[Asterisk-Users] g.729 - licenses and opinions
Steve Underwood
steveu at coppice.org
Thu May 13 17:45:03 MST 2004
Steven Critchfield wrote:
>On Thu, 2004-05-13 at 12:07, Andrew Kohlsmith wrote:
>
>
>
>
>>17 years for software patents is FAR too long, IMO, but that's an entirely
>>different story. IMO software patents shoudln't be for more than ~24 months
>>since the industry moves so blazingly fast.
>>
>>
>
>I'm of mixed feelings here. I don't like software patents at all, but
>without them, some of the voice compression that is out there would
>possibly not have been developed. What would have been the incentive for
>the telecoms to allow the public in on some of the voice compressions
>with out getting paid for the work. So while I think it is important, I
>also can't seem to draw a reasonable line. 24 months in most software
>isn't enough time from day 0 to make any reward for the work, at least
>not monetarily.

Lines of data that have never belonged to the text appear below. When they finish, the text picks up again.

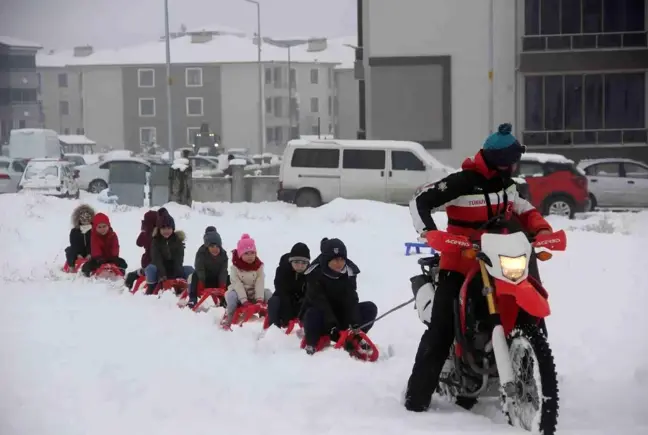 Çocukların kros motorlu kızak keyfi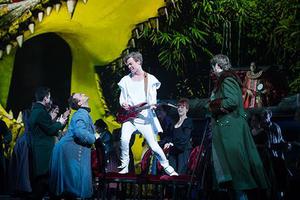 英剧院“白人演中国人”引争议 被批有种族歧视之嫌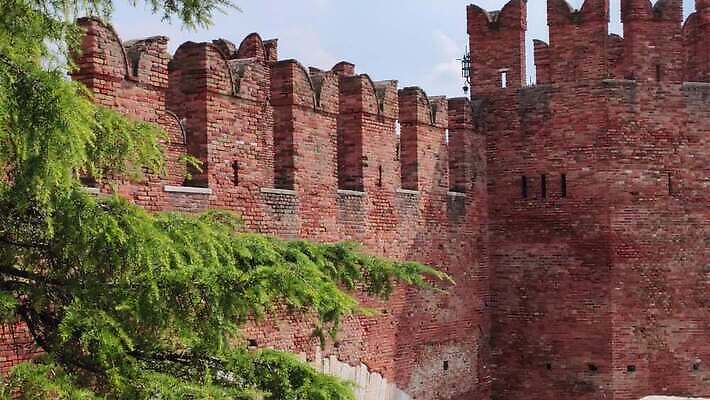 유럽 문화 벽 여행 건축양식 하늘 벽돌 사람없음 야외 건물 물 파란색 강 도시풍경 탑 이탈리아 바위 도시 성 중세 역사 보호 아치 타운 천연기념물 강화 랜드마크 베로나 옛날 4K MP4 해외동영상 클립영상 자연요소 건축물 건축 나라 컬러 컨셉 풍경 돌_바위 동영상 파일형식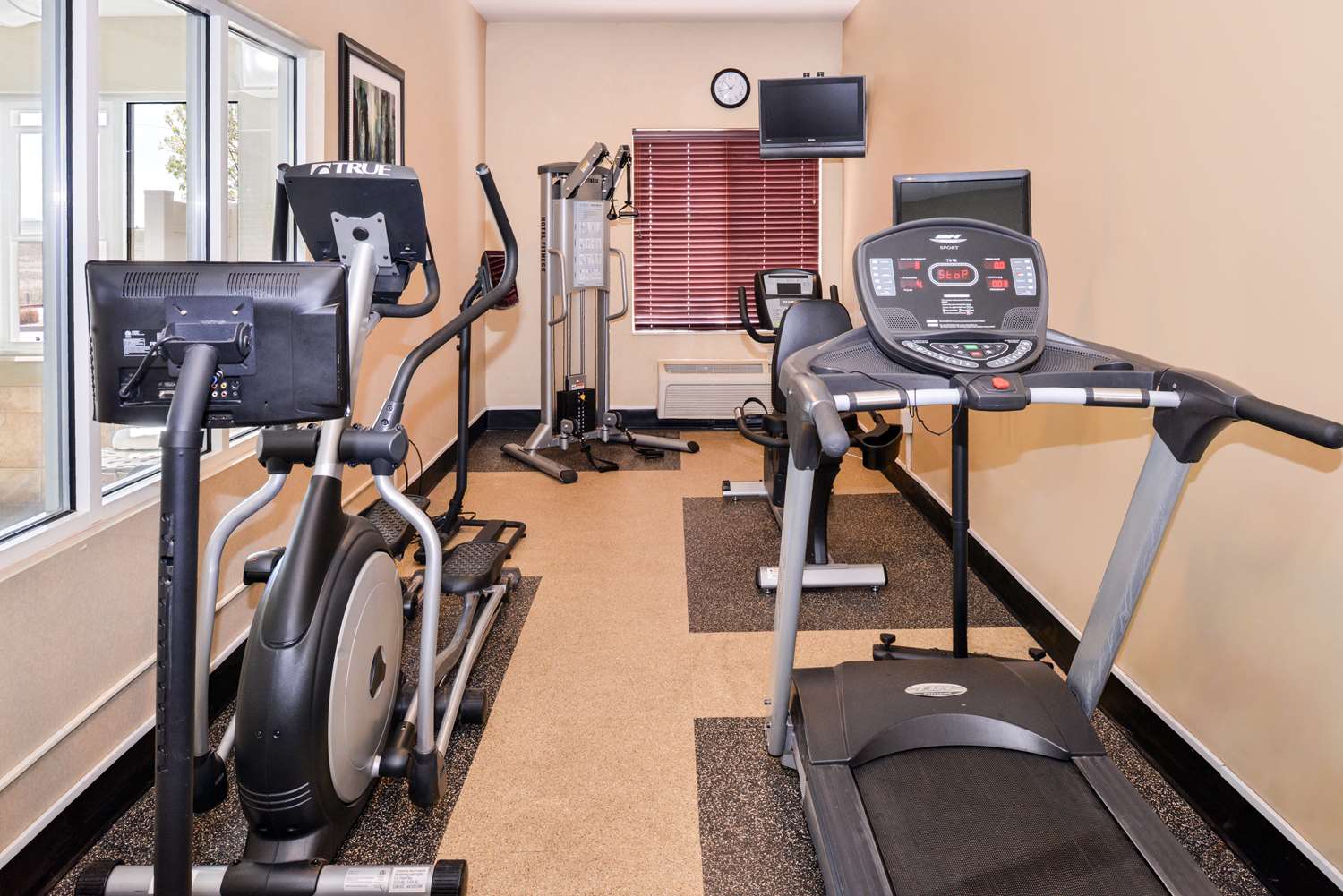 Best Western Plus Frontier Inn 33/53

What software project out there do you know had a major
>roll out sufficiently under 24 months from beginning of programming to
>have paid the programming staff off after say 1 year past the initial 24
>months?
>
>
As someone who has working in speech coding I'd say this is complete
nonsense. The mass of patents on speech coding was a land grab, and
nothing more. Much of the really clever stuff in speech coding is
unencumbered, and always was. In general it is a mass of dumb stuff that
you unfortunately need to use that has been patented. Those patents are
not the result of deep research. They are just road blocks stuck in
people's way.
There was so much to gain the early digital cellular days by being at
the leading edge, that any of the major wireless companies would have
been just as dedicated to succeeding without patents. If you look at the
people claiming a piece of the IP pie for, say, half rate GSM you will
see almost every well known wireless company, and a few more. All the
real work for that codec was done by Motorola, who developed it, and
owes almost nothing to all those hangers on. It does own a lot to basic
CELP work done at AT&T in the early 80's, but they never patented that.